→ TASK ITEM
Search the records for the word "Navy" and report each line that has it.

→ DATA EXTRACTS
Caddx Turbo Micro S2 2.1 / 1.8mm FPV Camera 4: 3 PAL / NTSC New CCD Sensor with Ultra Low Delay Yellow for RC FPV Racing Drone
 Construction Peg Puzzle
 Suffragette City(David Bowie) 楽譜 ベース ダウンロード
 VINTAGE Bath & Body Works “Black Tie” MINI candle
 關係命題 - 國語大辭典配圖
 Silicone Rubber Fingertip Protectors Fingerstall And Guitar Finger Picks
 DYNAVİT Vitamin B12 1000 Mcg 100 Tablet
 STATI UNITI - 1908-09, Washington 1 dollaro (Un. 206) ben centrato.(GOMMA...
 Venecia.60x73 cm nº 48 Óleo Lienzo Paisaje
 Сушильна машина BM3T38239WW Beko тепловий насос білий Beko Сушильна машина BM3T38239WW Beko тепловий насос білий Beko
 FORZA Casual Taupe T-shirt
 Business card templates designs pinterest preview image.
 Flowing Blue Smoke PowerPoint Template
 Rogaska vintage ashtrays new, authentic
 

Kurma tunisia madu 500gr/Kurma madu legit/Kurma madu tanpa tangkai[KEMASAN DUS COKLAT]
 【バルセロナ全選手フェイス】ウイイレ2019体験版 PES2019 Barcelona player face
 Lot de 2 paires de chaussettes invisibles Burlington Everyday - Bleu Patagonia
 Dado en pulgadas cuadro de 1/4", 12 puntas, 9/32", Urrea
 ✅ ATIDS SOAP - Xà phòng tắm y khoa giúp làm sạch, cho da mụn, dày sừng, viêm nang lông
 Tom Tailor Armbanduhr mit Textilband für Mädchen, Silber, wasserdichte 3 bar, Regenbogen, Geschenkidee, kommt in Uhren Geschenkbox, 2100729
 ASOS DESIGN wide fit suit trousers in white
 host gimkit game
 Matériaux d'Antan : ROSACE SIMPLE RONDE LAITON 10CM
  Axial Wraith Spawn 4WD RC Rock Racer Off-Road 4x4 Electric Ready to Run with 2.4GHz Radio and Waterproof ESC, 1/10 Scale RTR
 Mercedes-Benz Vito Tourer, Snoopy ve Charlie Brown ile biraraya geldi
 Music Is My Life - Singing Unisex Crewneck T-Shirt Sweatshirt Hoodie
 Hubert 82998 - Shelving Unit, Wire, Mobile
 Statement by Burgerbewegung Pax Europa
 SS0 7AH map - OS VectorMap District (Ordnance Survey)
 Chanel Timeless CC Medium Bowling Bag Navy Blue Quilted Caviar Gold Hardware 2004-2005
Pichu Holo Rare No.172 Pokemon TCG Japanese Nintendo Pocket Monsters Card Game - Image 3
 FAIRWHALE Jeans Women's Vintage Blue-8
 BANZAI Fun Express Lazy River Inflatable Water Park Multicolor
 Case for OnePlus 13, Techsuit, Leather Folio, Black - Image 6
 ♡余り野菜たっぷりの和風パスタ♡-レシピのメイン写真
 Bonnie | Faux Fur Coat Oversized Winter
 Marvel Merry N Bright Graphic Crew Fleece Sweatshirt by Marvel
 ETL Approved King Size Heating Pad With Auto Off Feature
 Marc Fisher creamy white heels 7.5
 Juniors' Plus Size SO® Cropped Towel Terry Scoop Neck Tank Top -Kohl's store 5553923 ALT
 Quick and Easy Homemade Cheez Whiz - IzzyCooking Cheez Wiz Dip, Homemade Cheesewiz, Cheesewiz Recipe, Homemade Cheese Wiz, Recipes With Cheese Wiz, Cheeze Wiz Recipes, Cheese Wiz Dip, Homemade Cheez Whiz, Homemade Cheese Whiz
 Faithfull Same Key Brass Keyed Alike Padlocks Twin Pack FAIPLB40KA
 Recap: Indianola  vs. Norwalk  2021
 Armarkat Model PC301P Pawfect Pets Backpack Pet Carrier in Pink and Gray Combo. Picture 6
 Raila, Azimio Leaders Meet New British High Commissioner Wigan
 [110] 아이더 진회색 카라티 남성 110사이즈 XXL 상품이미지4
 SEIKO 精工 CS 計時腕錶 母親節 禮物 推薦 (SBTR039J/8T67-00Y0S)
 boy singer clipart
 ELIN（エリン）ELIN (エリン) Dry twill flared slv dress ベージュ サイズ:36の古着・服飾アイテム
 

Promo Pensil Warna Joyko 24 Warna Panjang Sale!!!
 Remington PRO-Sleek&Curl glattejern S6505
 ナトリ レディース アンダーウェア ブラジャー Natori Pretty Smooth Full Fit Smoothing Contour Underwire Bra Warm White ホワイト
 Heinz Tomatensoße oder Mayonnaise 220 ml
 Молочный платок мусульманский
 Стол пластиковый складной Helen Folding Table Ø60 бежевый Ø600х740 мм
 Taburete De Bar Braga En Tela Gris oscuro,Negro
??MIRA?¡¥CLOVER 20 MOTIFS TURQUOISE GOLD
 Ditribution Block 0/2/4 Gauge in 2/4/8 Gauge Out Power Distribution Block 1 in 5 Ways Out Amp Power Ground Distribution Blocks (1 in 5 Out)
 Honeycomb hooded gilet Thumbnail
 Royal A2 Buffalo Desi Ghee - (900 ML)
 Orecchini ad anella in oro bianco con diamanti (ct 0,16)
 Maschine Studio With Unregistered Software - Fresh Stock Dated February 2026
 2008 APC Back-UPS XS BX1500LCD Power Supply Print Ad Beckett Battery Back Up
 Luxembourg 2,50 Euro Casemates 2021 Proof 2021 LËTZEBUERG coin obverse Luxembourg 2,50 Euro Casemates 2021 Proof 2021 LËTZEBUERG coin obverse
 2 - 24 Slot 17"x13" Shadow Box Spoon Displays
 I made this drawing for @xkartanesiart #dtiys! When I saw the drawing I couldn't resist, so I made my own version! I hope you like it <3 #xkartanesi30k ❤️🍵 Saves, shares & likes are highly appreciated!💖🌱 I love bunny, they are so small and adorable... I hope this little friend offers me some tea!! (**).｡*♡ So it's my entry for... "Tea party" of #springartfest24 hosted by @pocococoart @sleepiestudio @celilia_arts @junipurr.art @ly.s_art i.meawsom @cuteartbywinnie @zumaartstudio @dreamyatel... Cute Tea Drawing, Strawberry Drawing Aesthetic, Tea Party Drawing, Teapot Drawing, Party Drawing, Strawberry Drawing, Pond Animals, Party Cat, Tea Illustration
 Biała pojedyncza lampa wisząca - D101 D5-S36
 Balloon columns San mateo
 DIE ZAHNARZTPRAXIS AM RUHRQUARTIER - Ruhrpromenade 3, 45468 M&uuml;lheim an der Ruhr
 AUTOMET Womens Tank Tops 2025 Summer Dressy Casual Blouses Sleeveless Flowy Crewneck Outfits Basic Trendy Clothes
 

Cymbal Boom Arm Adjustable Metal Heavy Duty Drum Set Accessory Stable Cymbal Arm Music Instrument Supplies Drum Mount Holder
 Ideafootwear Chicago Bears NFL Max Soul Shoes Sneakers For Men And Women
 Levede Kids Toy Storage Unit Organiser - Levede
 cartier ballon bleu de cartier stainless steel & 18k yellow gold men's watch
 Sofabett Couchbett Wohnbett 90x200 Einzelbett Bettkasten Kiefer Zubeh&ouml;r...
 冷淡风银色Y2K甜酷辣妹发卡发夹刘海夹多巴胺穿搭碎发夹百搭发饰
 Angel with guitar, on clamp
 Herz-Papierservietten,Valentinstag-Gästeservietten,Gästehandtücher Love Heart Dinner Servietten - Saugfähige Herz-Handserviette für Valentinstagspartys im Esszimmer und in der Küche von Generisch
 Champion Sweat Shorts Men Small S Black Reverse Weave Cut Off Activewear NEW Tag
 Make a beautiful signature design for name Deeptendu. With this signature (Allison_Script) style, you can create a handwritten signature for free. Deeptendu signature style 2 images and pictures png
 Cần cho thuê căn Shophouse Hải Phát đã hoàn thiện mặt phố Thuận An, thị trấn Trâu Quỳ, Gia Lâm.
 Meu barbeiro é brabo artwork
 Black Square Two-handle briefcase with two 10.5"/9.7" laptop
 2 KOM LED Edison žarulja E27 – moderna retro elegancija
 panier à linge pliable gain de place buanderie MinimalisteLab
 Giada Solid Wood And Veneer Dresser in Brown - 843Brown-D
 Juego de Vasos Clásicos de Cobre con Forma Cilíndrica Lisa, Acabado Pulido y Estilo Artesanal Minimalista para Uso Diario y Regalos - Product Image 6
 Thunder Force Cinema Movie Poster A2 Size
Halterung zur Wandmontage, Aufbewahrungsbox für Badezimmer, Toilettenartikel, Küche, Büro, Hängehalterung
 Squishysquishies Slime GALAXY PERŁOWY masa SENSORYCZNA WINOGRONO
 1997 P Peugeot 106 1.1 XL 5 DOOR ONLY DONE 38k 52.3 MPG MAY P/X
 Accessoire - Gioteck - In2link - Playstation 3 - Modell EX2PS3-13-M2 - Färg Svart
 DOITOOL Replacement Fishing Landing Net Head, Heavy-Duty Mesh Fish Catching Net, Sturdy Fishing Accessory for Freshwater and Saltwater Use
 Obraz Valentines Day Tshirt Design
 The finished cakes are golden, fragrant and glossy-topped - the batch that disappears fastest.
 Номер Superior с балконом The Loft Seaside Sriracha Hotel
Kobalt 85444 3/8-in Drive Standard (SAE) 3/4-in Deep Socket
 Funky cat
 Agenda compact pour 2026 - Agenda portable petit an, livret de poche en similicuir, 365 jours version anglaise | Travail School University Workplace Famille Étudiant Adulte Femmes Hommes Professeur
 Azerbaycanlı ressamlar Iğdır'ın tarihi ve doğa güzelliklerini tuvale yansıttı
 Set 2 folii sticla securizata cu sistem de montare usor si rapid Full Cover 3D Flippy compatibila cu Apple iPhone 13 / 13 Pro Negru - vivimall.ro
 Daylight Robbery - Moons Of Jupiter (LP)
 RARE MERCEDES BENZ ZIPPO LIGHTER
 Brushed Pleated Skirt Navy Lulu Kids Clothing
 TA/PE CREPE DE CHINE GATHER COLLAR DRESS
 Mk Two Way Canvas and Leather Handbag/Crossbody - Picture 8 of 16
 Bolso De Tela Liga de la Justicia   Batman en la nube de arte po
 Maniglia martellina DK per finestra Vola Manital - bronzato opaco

→ RESPONSE BELOW
 Chanel Timeless CC Medium Bowling Bag Navy Blue Quilted Caviar Gold Hardware 2004-2005
 Brushed Pleated Skirt Navy Lulu Kids Clothing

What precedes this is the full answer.